I did begin to wonder just how it was that Zipolite got its start as a nude beach, and that it somehow managed to continue this way in a very Catholic and conservative country. It all began in the 60's, naturally, when a small group of hippie types showed up in this tiny and remote backwater, at least at that time. Many of them didn't bother to wear clothes. Some of them stayed and others left, but gradually as the town developed into the low key resort that it is today, the locals decided to retain the optional nudity. As in most of Oaxaca, the people are Zapotecs, and the central government more or less leaves them alone to run things as they see fit. I would guess it was more of a business decision to continue the clothes optional policy. There are of course, other small towns and resorts along this coastline, but Zipolite is the only one that allows nudity. How much the nudity helps their business is an open question, a bit like asking if the growth in Colorado is due to legal weed. I don't think it's hurting things.
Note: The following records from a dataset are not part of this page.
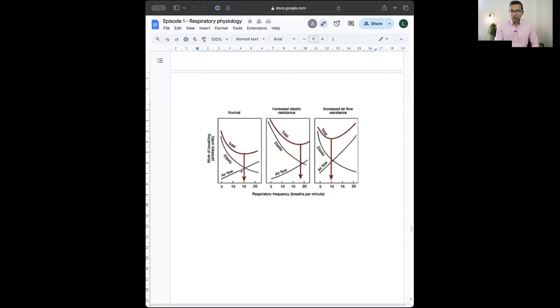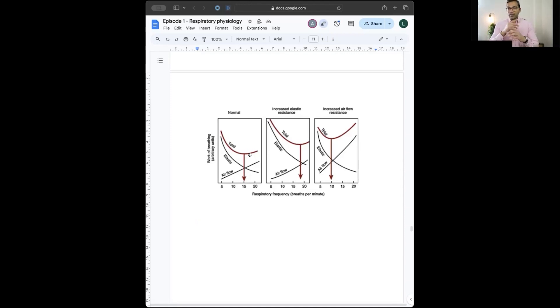A second graph from West illustrates normal versus increased elastic resistance versus increased airflow resistance. The red line shows total work of breathing. Airflow resistance increases with increasing respiratory rate for a constant minute ventilation, while elastic resistance decreases with increasing respiratory rate at constant minute ventilation. The minimum total work of breathing occurs at approximately 15 breaths per minute in a normal lung — the sweet spot where both components are at their combined minimum.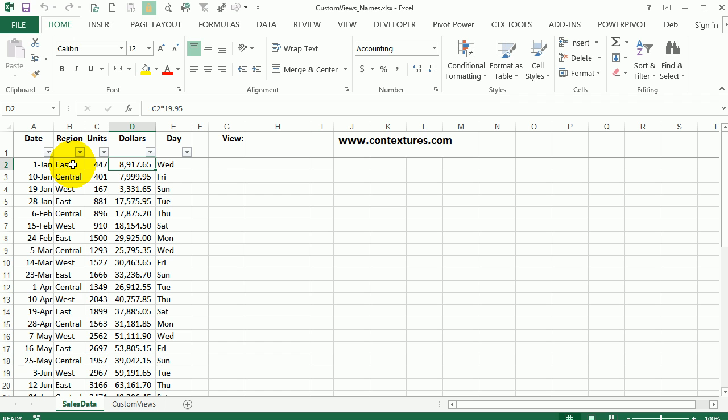Here I have some sales data for three different regions and I'm going to create custom views so it's easy to print each region. I don't need to store any macros in the workbook. This is all done with custom views.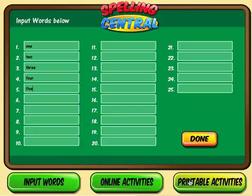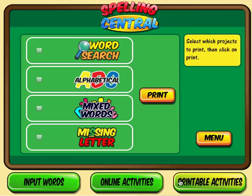If I click Printable Activities, all I have to do is select what activity I want and then click Print.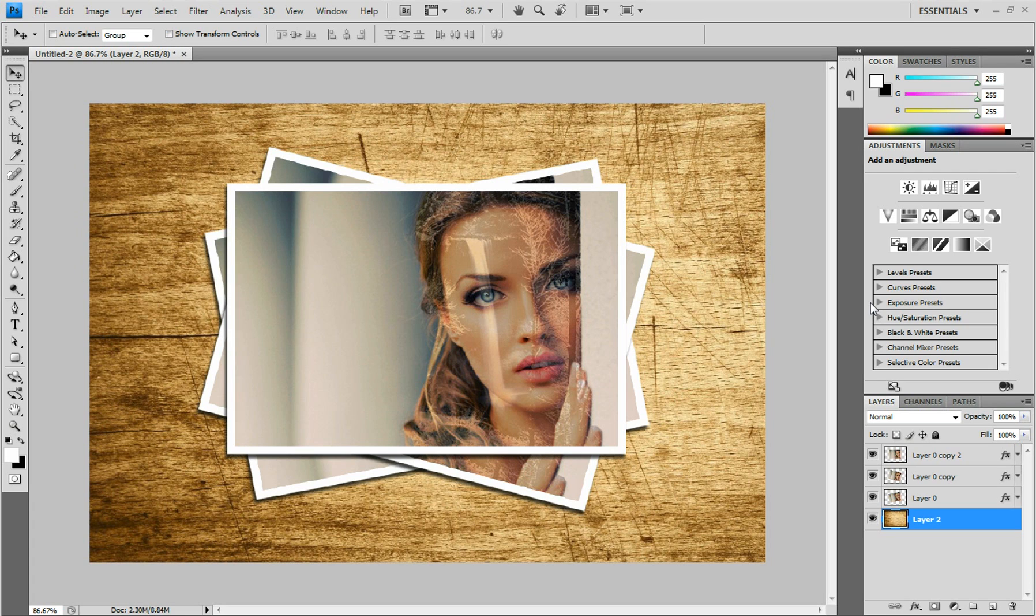Hey everyone, NicheLaneTutorials here, coming at you with another awesome tutorial. In this video, I'm going to be showing you how to create this retro photo effect.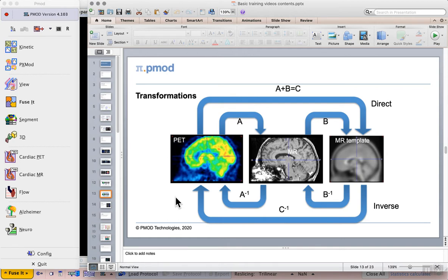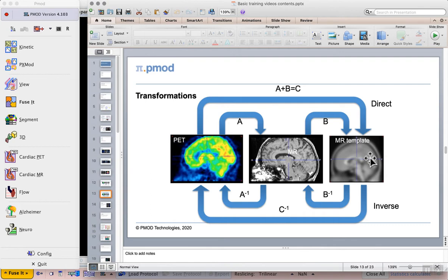In the exercise we're going to use now we will directly match a PET image to a PET template rather than an MR template so that we can quickly apply some of these Atlas VOIs and calculate statistics.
On our last night we were hoping to make it to the other side of the beach, because there was a bar on top of a promontory which had a reputation for spectacular sunsets. As you can see by the picture above, we didn't make it. That sunset was on our side of the beach, but it's hard to imagine anything better. We did however, make it to our favorite restaurant, Fish and Love, which which is located just off the beach at the far end of town.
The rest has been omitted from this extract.